The Triple Echo (U.S title: Soldier in Skirts) is a 1972 British drama film directed by Michael Apted starring Glenda Jackson, Brian Deacon and Oliver Reed, and based on the 1970 novella by H.E. Bates. It was shot in Wiltshire.

==Plot==
In England during World War II, Alice, a woman running a farm in the countryside, discovers a young man named Barton roaming the fields. He helps around the farm and the two become friends, then lovers. Barton decides to desert the army. Alice offers him refuge in exchange for help running the farm in the absence of her husband, who has been taken prisoner by the Japanese. Barton puts Alice's ailing dog out of its misery by shooting it with her husband's shotgun.

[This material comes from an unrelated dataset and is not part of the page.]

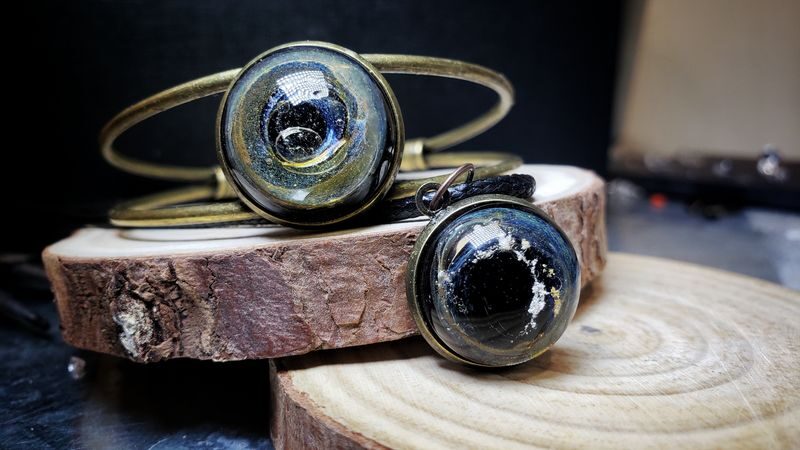 A.Story.In.Glass - Handmade Glass Bead Bracelet Workshop | Suitable for Pet Lovers - Choosing between the three class formats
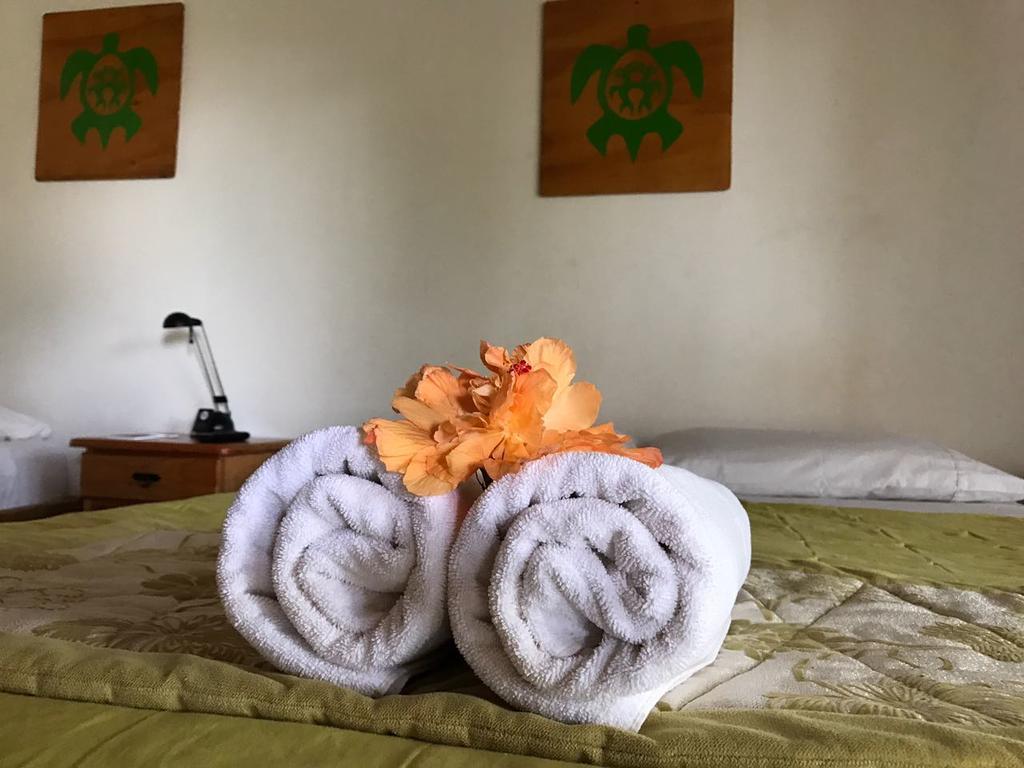 Mangai Rapa Nui Hotel Hanga Roa Exterior foto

When the military police begin to search for Barton, he must take measures to avoid being caught, so Alice helps him form the disguise of a woman, who she says is her sister Jill. However, Barton tells people that his name is Cathy. A sergeant soon begins to take a liking to "Cathy". As Christmas approaches, the sergeant returns to invite Alice and Cathy to a Christmas party. Alice declines, but Barton, wanting to get out and have some fun, accepts the offer. Alice warns him against doing so.

During the party, the sergeant and another soldier take Cathy and a young woman into a back room to have sex, but when Jill forces the sergeant away he realises that Cathy is really a man. Barton escapes, and the military police follow and hunt him near to the farm house where Alice is waiting. Because Alice does not want Barton to suffer at the hands of the soldiers, she shoots him dead with her husband's shotgun.

==Cast==
- Glenda Jackson as Alice Charlesworth
- Oliver Reed as sergeant
- Brian Deacon as Barton
- Anthony May as subaltern
- Gavin Richards as Stan
- Jenny Lee-Wright as Christine
- Kenneth Colley as Provost Corporal
- Daphne Heard as shopkeeper
- Zelah Clarke as first girl
- Colin Rix as compere
- Ioan Meredith as guard
- Sid Hill as sergeant reading newspaper

==Novella==
The film was based on a novella by H.E. Bates, which he started writing in 1968 although he had had the idea since World War Two. The novella was published in 1970. The Guardian said it had "a persistent smell of fabrication right through".

==Production==
In January 1971 it was reported Bryan Forbes would write, produce and direct a version of the novella for EMI Films. It would star Vanessa Redgrave, Jenny Agutter and Peter McEnery, and start filming in March. However in March 1971 Forbes quit as head of EMI Films.

In March 1972 it was announced that the film version would star Glenda Jackson and Oliver Reed, reuniting them after their success in Women in Love. It was an early movie from Hemdale. Director Michael Apted later said the only reason he could make the film "was Glenda was available and was willing to appear for a much smaller than usual fee."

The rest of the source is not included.